→ INSTRUCTIONS FOR THE TASK:
Establish how many lines of the material below contain the string "Family". Return that number by itself.

[Opening INFORMATION PROVIDED section]

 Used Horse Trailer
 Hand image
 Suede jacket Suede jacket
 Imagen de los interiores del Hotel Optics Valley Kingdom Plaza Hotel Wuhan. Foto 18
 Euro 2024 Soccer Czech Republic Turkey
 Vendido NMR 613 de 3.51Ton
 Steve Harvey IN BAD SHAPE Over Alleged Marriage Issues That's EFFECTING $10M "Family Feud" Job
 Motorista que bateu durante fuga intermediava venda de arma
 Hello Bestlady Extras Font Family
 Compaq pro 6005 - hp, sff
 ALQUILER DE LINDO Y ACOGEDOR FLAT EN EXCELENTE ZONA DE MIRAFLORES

[Closing INFORMATION PROVIDED section]
[Opening INFORMATION PROVIDED section]

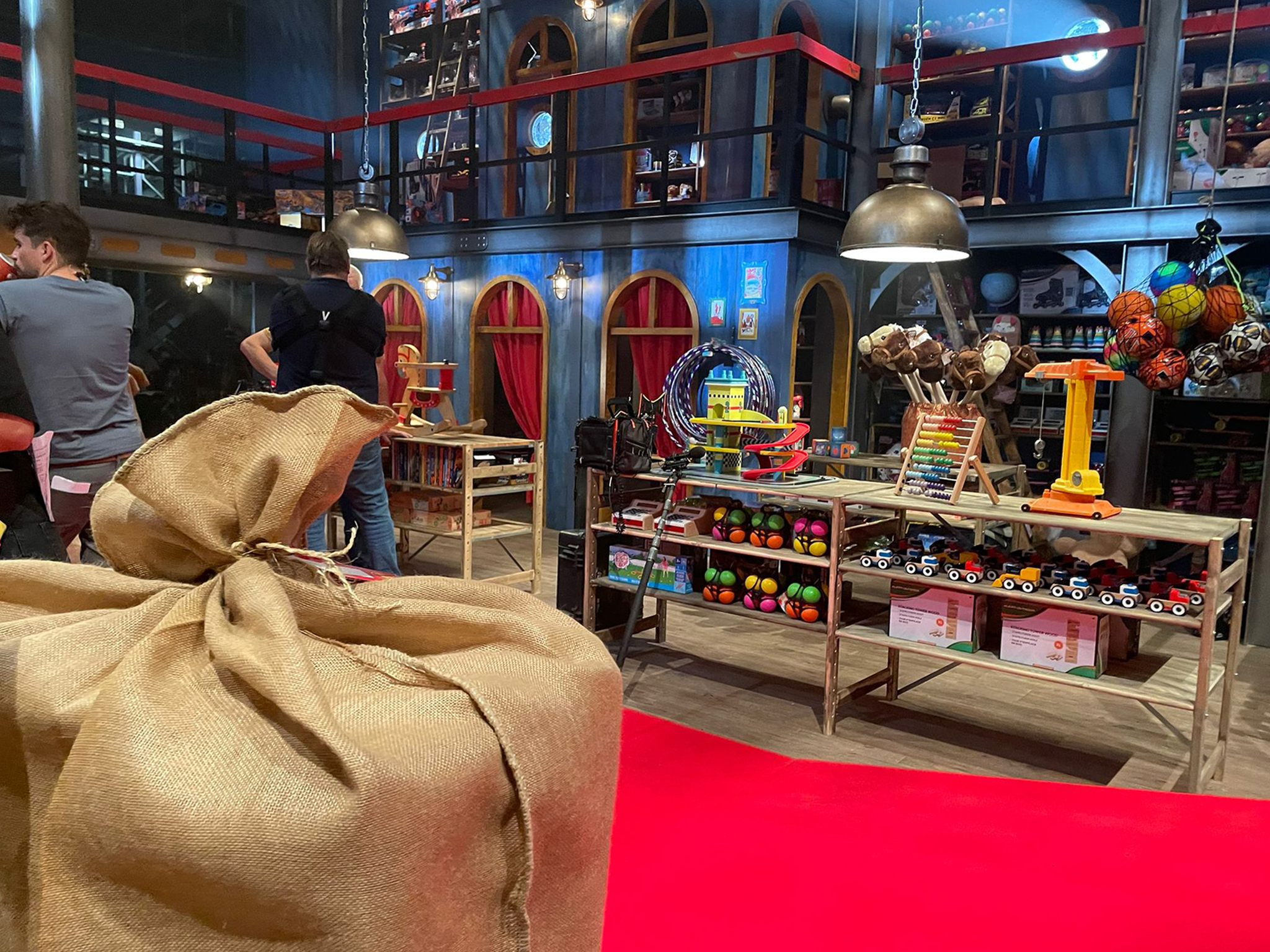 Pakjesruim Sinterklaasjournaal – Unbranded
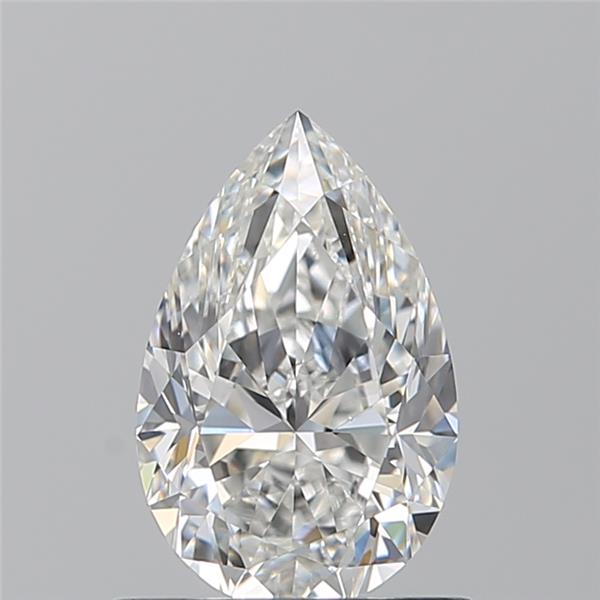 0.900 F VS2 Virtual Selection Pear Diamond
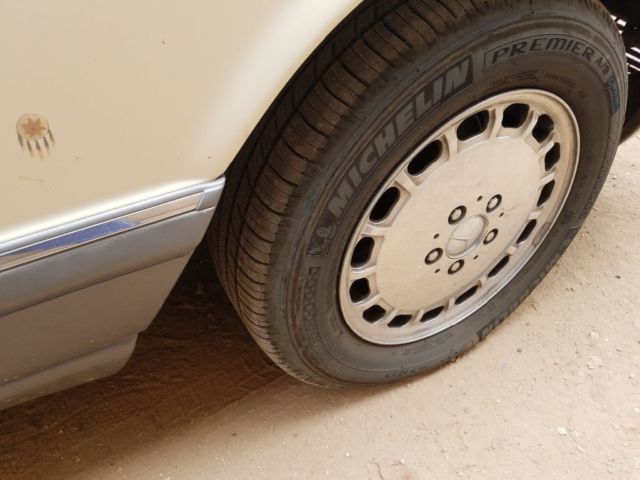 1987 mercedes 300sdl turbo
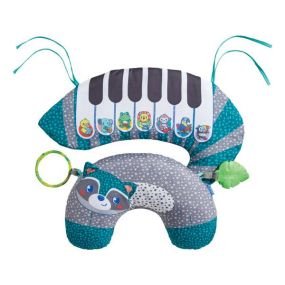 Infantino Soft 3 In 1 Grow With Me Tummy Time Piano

[Closing INFORMATION PROVIDED section]
[Opening INFORMATION PROVIDED section]

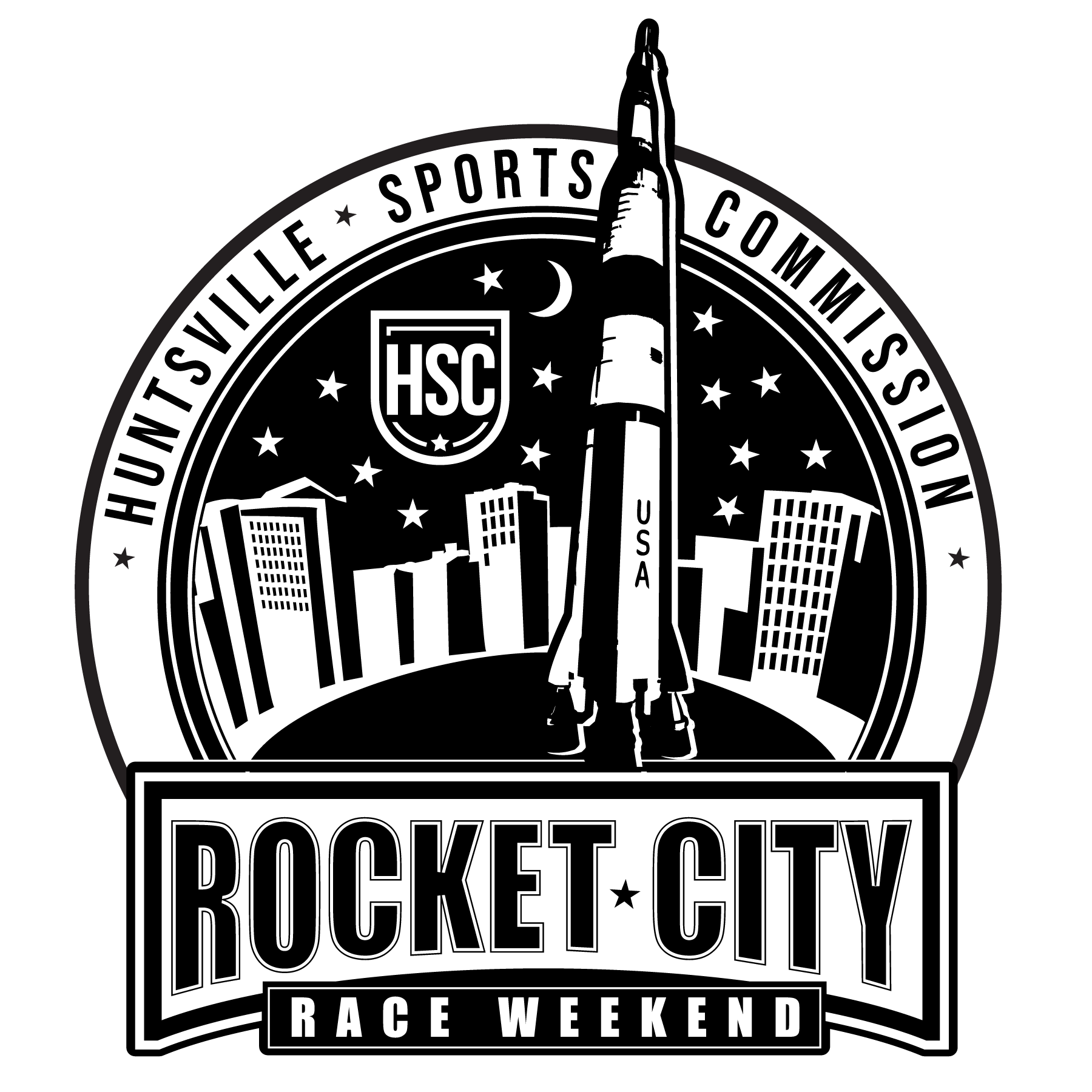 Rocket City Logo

[Closing INFORMATION PROVIDED section]

→ WRITTEN SOLUTION:
2